I suspect that the "|link=" bit is parsed as an extra field, when in fact it isn't.

I even tried removing first this bit from the content:

[[File:woodhouse_999.jpg|thumb
 |link={{filepath:woodhouse_999.jpg}}]]

And then trying the import. And then I got this error:

Error: the column 0 header, 'ÿþTitle', must be either 'Title', 'Free Text' or of the form 'template_name[field_name]'

Edit: I have managed to partly resolve the import into field corruption by commenting out some regexes in: DataTransfer\includes\DT_PageStructure.php

// $page_contents = preg_replace( '/{{(#.+)}}/', '&# 123;&# 123;$1&# 125;&# 125;', $page_contents );
// escape out transclusions, and calls like "DEFAULTSORT"
// $page_contents = preg_replace( '/{{(.*:.+)}}/', '&# 123;&# 123;$1&# 125;&# 125;', $page_contents );

But still, I cannot find how to stop breaking the line with the image link from

[[File:woodhouse_999.jpg|thumb|link={{filepath:woodhouse_999.jpg}}]]

To

[[File:woodhouse_999.jpg|thumb
 |link={{filepath:woodhouse_999.jpg}}]]

Or when the existing text contains instances like

[[comparing|compare]] 

They get turned into

[[comparing
 |compare]] 

or even mixed with other words.

For example this text:

[[leave in the lurch]]: [[prose|P.]] and [[verse|V.]] [[λείπω]], [[λείπειν]] 

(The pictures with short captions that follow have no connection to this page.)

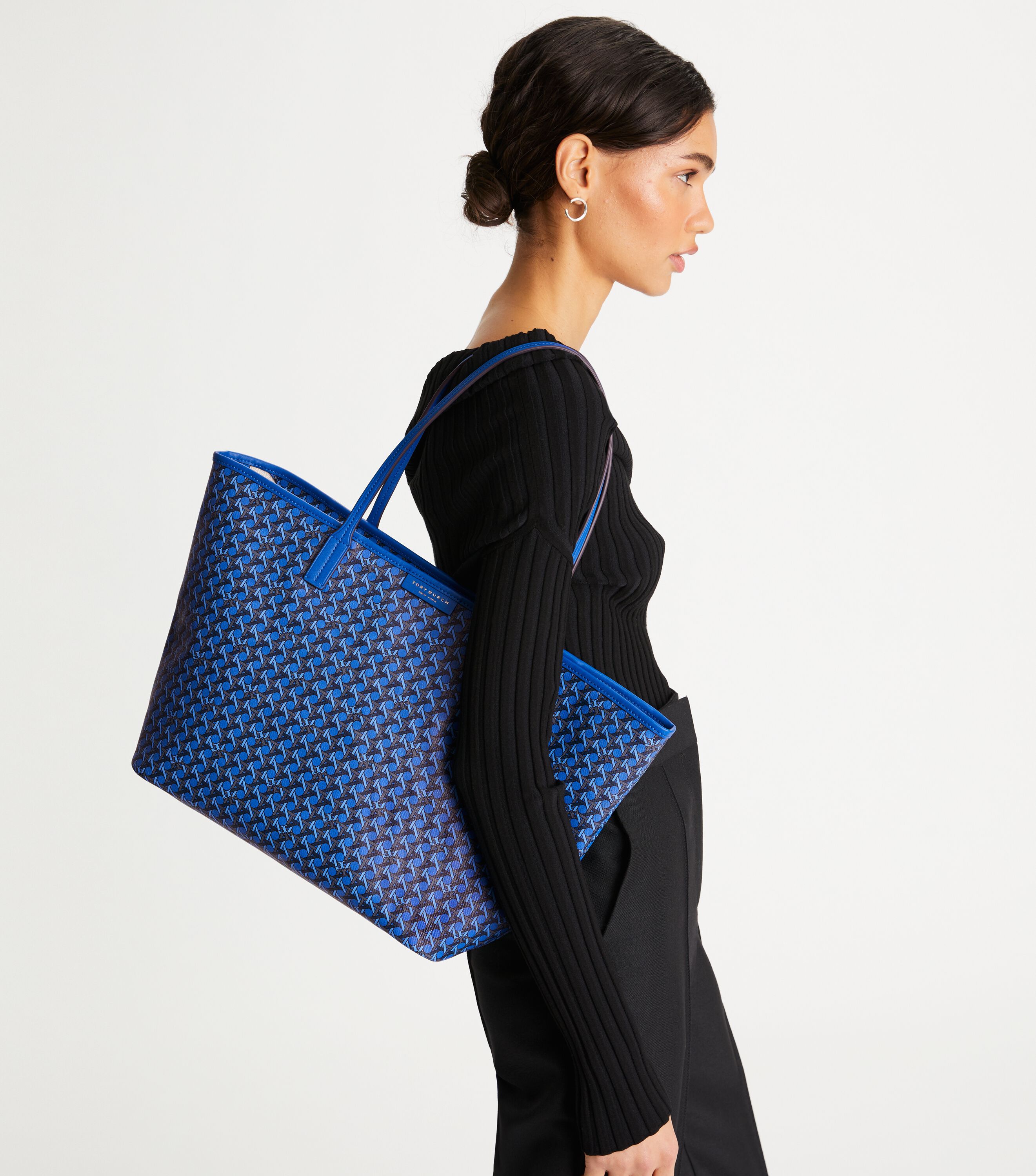 【A4対応】TORY BURCH EVER-READYトートバッグ Tory Burch Small Ever-Ready Zip Tote | Nordstrom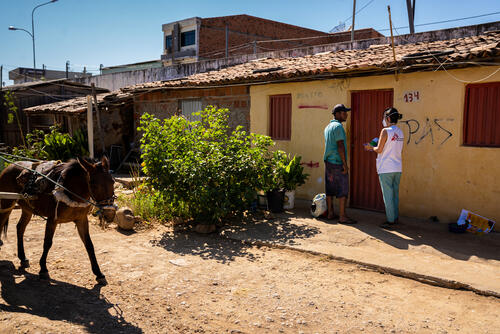 Health promotion and in-house check ups in Bahia, Brazil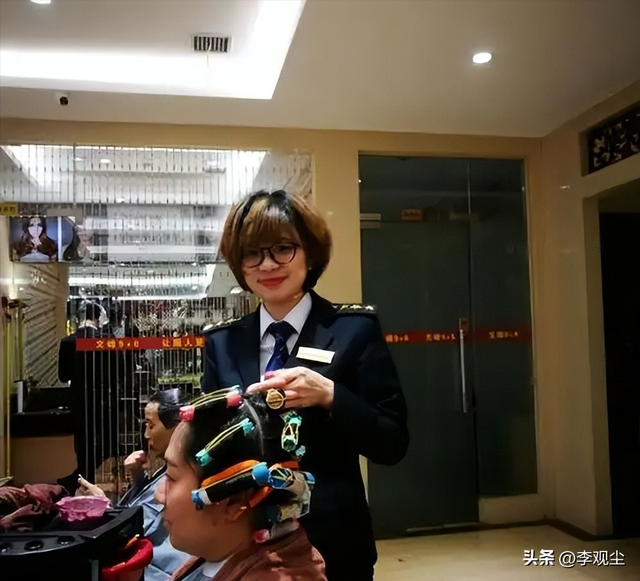 年入20亿的理发店有多野？老板被吹“开天眼”，却靠办卡坑哭老人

Looked like this when imported:

 [[leave in the lurch]]: [[prose
 |προλείπειν]], ἀμείβειν (Plat. but rare P.), V. ἐξαμείβειν, ἐκλιμπάνειν.

Also, when importing text that has headers (many equals signs, as for example a 3rd level header), line breaks are lost and the header joins the text on top and text gets mangled. For example, when importing something like:

 [[of what kind]]? [[prose|P.]] and [[verse|V.]] [[ποῖος]]; indirect: [[prose|P.]] and [[verse|V.]] [[οἷος]], [[ὁποῖος]]. 
  ===adjective===
 
  [[prose|P.]] and [[verse|V.]] [[πρᾶος]], [[ἤπιος]]

The result is:

 of what kind? P. and V. ποῖος; indirect: P. and [[verse |V.]] οἷος, ὁποῖος.===adjective===

So I am guessing that there is some pre-processing going on before the import which is affected by what the currently existing text looks like, which is quite strange.


Im having similar problems. MW 1.33.1 / Data Transfer 1.1.1. Using ImportCSV with the option Overwrite only fields contained in the file, the output has brackets like { in my existing content replaced by &# 123; etc. Commenting out the relevant lines in DataTransfer\includes\DT_PageStructure.php introduces new lines and hence white spaces. Am I using the feature incorrectly? Is there any workaround? Any comments? --Fehlerx (talk) 17:29, 30 May 2020 (UTC)Reply[reply]
In the file DT_WikiTemplate.php line 33
                //if ( $multi_line_template )
                //      $text .= "\n";

Comment out those two lines, and it should take care of the unwanted line breaks. I had the same issue, and it was REALLY annoying. 05:42, 5 October 2020 (UTC)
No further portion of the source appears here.